Come ci arrivai? Da un dettaglio sfuggito agli altri. Spesso esercitiamo un controllo stretto sulle cose grandi, trascurando invece quelle minute, e son proprio quelle a tradirci. In quella festa segreta le statue viventi non erano state collocate a caso, ma a precisa distanza una dall’altra, e attorno ad esse ruotavano come in danza altre statue minori, ognuna con diversi attributi. Quando una torcia illuminava una di queste statue centrali, lente incedevano quelle di contorno, veri e propri satelliti. Poi, lentamente la face si spegneva, per dar tempo di illuminare un’altra statua posta a maggiore distanza dalla prima, e così via per tutta la sera in una teoria di movimenti cosmici regolata come un orologio. Era per l’appunto il teatro degli Infiniti Mondi di Giordano Bruno.
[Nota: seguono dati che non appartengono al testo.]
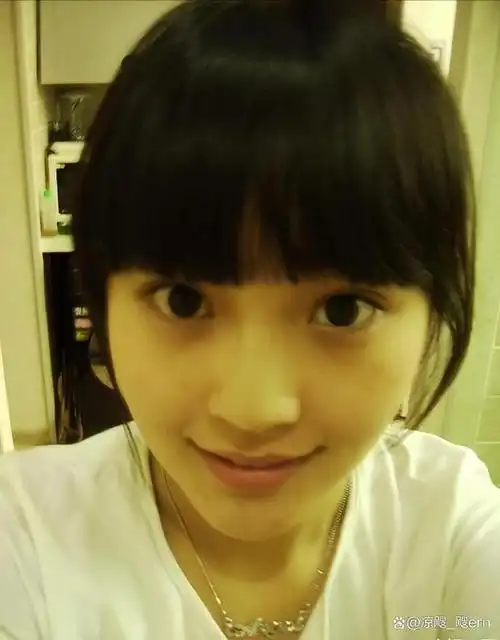 6位年过半百却依旧可爱的女星不用装嫩本身就很年轻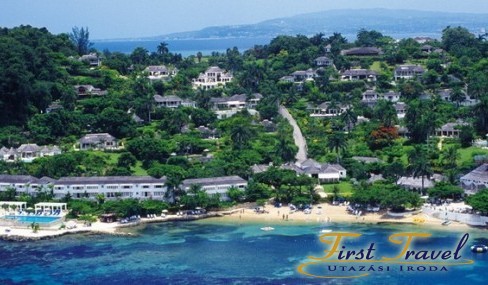 Round Hill Hotel 01.jpg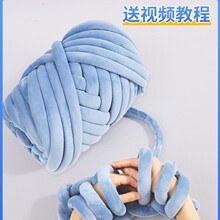 ���uë��2cm�ֹ���������ë���F������ë��DIY������о�޾���ײ�l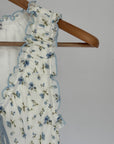 BLUE MOON Top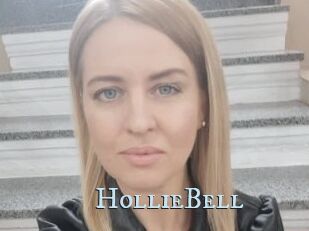 HollieBell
La questione era affascinante ma complicata: qual’era la reale diffusione del pensiero di Giordano Bruno nell’ambiente romano dell’epoca? La commissione che giudicò Bruno prese tempo per acquisire le opere a stampa disponibili sul mercato e impiegò almeno due anni per studiarsele con cura. Studi recenti hanno chiarito l’influsso diretto del pensiero bruniano sugli intellettuali olandesi dell’epoca, ma poco sappiamo dell’ambiente romano, che comunque doveva ben tenersi defilato per non fare la fine del maestro: a Roma la censura ecclesiastica era molto stretta e la circolazione delle opere di Bruno era vietata, come vietato era anche l’insegnamento delle sue idee. Una traccia è forse visibile nello scambio epistolare tra intellettuali e nelle ricche corrispondenze tra accademie, ma è una ricerca che richiede tempo ed è ancora tutta da fare. In questo atto giudiziario legato a quello che sembrava uno scandalo sessuale c’era invece un segreto, ed io l’avevo scoperto. Con l’unico rimpianto di non essere stato presente in quella festa segreta. Per questo voglio terminare la mia narrazione proprio con una frase di Giordano Bruno:
Amate una donna se volete, ma non dimenticate di essere adoratori dell’infinito.